Why this is important

Video content that contains spoken or other audio information (on-or off-screen sound effects, or background music) important to understanding the video's content will present access barriers to anyone who is deaf or hard of hearing and unable to hear the video's soundtrack. The same problem will, of course, be encountered by anyone accessing the video using a computer without a soundcard and/or speakers, or in a noisy environment, or where no sound is permitted. Additionally, people who are deaf-blind, and unable to access either visual or audio content will face access barriers if this content is not presented in an alternative way.

General Principles

There are two accessibility solutions for this barrier. The most equitable option is to provide the video content with captions and audio descriptions. For more details, see the How To articles providing General advice on captions and General advice on audio description.

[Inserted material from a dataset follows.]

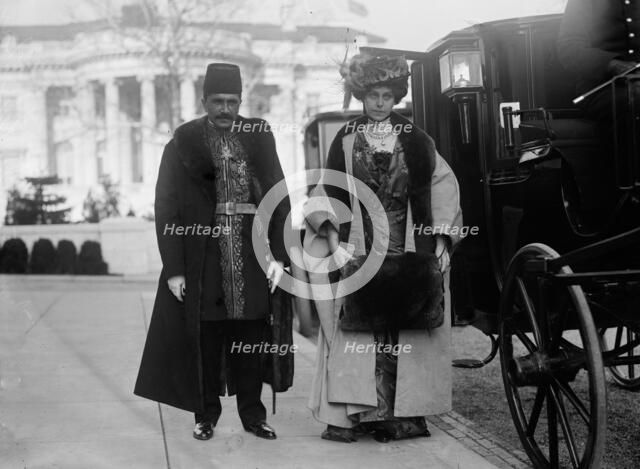 Mirza Ali Kuli Khan & wife, 1913. Creator: Bain News Service.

Unfortunately implementing effective captioning and audio description accessibility solutions often requires a significant degree of expertise and time, overwhelmingly related to what is to be included, and increasing as the complexity of the video content increases. This means professional captioning and audio description organisations are best placed to provide a solution, with the associated time delay and expense. Thus, where resources are limited, providing an HTML transcript, however 'rough-and-ready', is a practical alternative - and once you have a transcript, you have a resource from which you can create captions.

Before you continue

The advice on this page helps you avoid introducing a specific accessibility barrier, but it's not a magic formula. To avoid attempting to follow a technical solution that is not appropriate to the resource and its intended purpose, you need to know the context in which the multimedia resource is being used:

  1. The purpose or aim of the multimedia resource in question, and whether it is being used to supplement another resource in the learning environment, or whether its use is required by students.
  2. The target audience, their knowledge and expectations, and the type of browsing and assistive technology that they may be using.
  3. Whether the information and experiences provided by the multimedia technology are already available in an equivalent, alternative form.

For more background on this approach, see our Guide to the use of multimedia in accessible e-learning.

Technique Details

There are two stages to creating a text transcript of an audio or audiovisual multimedia resource:

  1. Generation of the content of the transcript.
  2. Publishing the transcript in structured HTML.

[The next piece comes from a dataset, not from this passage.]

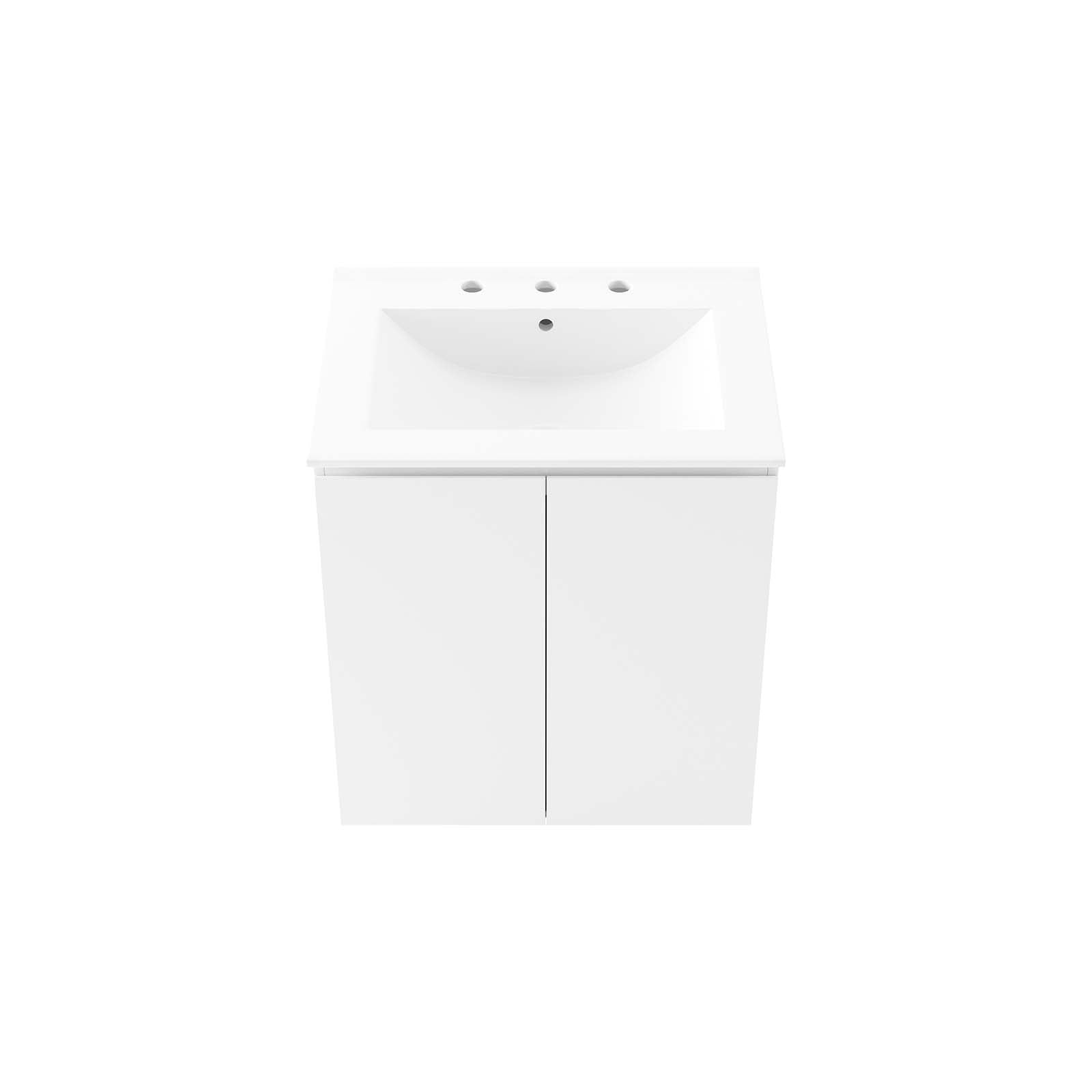 Bryn 24" Wall-Mount Bathroom Vanity By Modway - EEI-5777-GRY-BLK | Bathroom Accessories |  Modishstore - 28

Generation of the transcript is by far the most challenging and time consuming exercise of the two, requiring listening to and writing down the spoken content (take advantage of any existing script), plus any non-spoken audio information important to understanding. You also need to watch the video, in order to provide additional text to provide important information about visual events (in other words, text equivalents of what would be spoken as part of an audio description), so that people who are deaf-blind can understand the content. Links to guidelines and advice on transcription techniques are provided in the External Links section on this page; but as a rule of thumb, the transcript should contain:

  1. All spoken content, including speaker name;
  2. Any additional contextual information relating to the spoken content, for example whether dialogue is whispered or shouted;
  3. Any non-spoken information without which understanding of the video or audio content would be reduced or lost;
  4. Any text that would be spoken as part of an audio description - other, and visual events important to the understanding of the content.

We recommend publishing on-line transcripts in HTML rather than as plain text or Word document. Using HTML allows you to structure the transcript and using Cascading Style Sheets allows you to visually present this structure, for example by distinguishing between different speakers and non-spoken sounds.

Example 1 is taken from one of the transcripts used in this resource. Here, non-spoken information is provided using italicised text:

Alistair sits in front of a computer screen showing the example and talks through it

Alistair: There are many ways we can use video clips in a very low tech way. In this case we've got the students here and we're passing round a cheap digital camera that does video clips - has video clip capability - and so we've got the student explaining to other students how to use a particular piece of kit.

Shot of the computer screen showing the videoclip, with sound

Alistair: Now what we got from a learning point of view is tremendous reinforcement going on because......

Example 1: Sample of transcript for a video clip.

Testing

The subjective nature of this accessibility technique, and a lack of formal, universally applicable guidelines makes it impossible to test using automated means. Instead, feedback from end users is highly recommended, particularly people who are blind and/or deaf or hard of hearing.